(TASK BRIEF): Go through the data below and transcribe it exactly. Omit the images.

[[ RECORDS PROVIDED open ]]

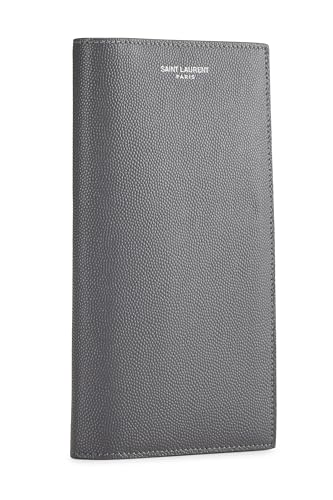 Yves Saint Laurent, Portefeuille Continental Gris Grainé D'occasion, Gris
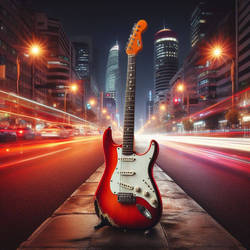 RED STRATOCASTER ON CITY STREET AT NIGHT AI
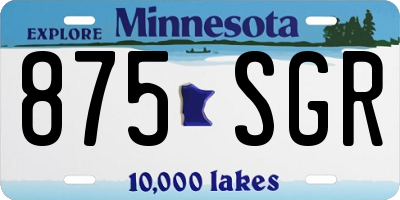 MN license plate 875SGR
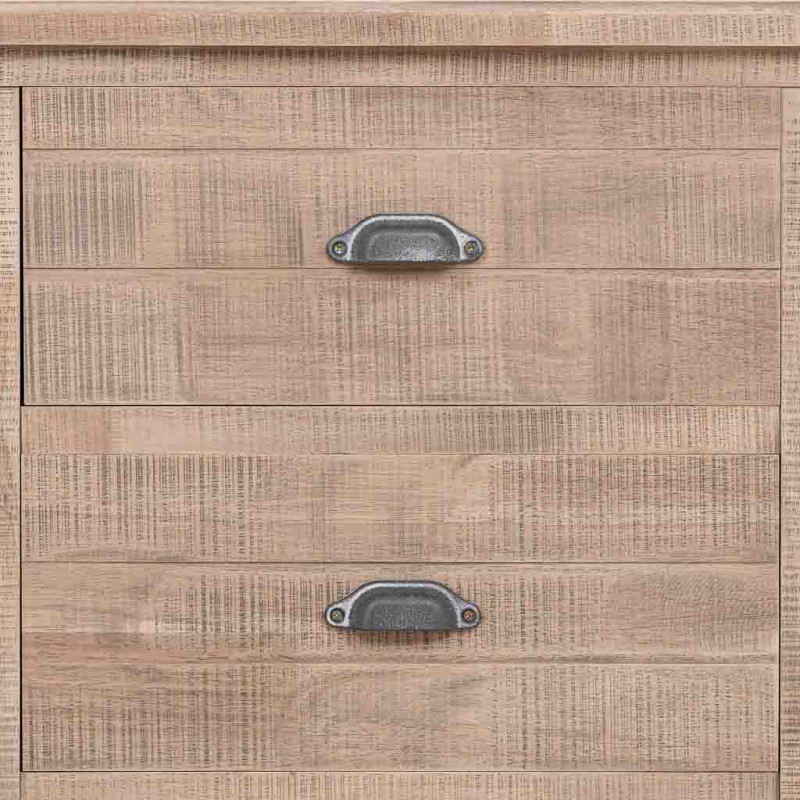 Buffet vitrine 2 portes 3 tiroirs bois d’hévéa brun 150x40x83 cm Ozabio  - 7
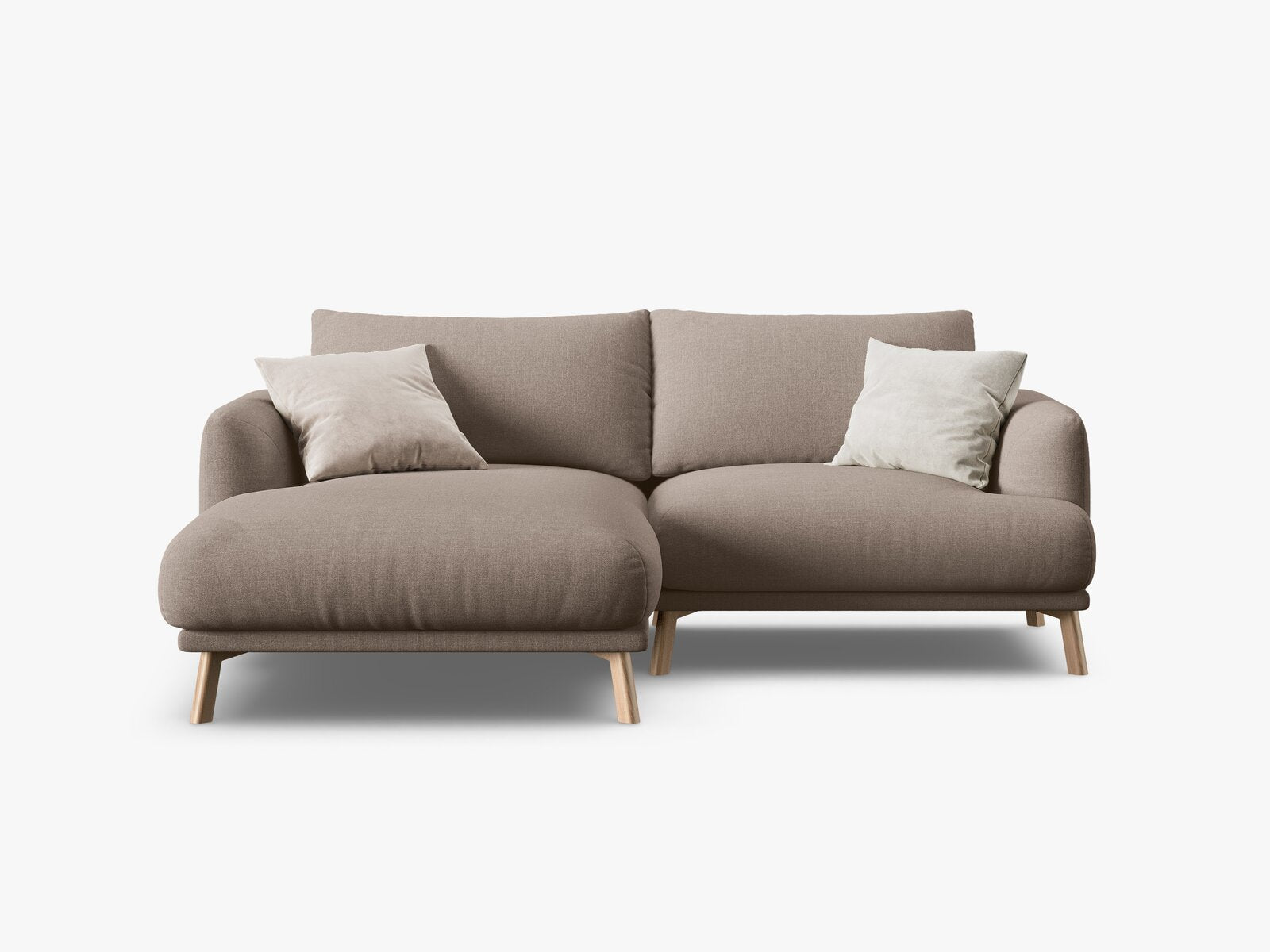 Micadoni Ecksofa Naomi 3-Sitzer kleine Version Links Strukturierter Stoff Liberty Cappuccino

[[ RECORDS PROVIDED closed ]]

(SOLUTION FOR THIS TASK):
 Yves Saint Laurent, Portefeuille Continental Gris Grainé D'occasion, Gris
 RED STRATOCASTER ON CITY STREET AT NIGHT AI
 MN license plate 875SGR
 Buffet vitrine 2 portes 3 tiroirs bois d’hévéa brun 150x40x83 cm Ozabio  - 7
 Micadoni Ecksofa Naomi 3-Sitzer kleine Version Links Strukturierter Stoff Liberty Cappuccino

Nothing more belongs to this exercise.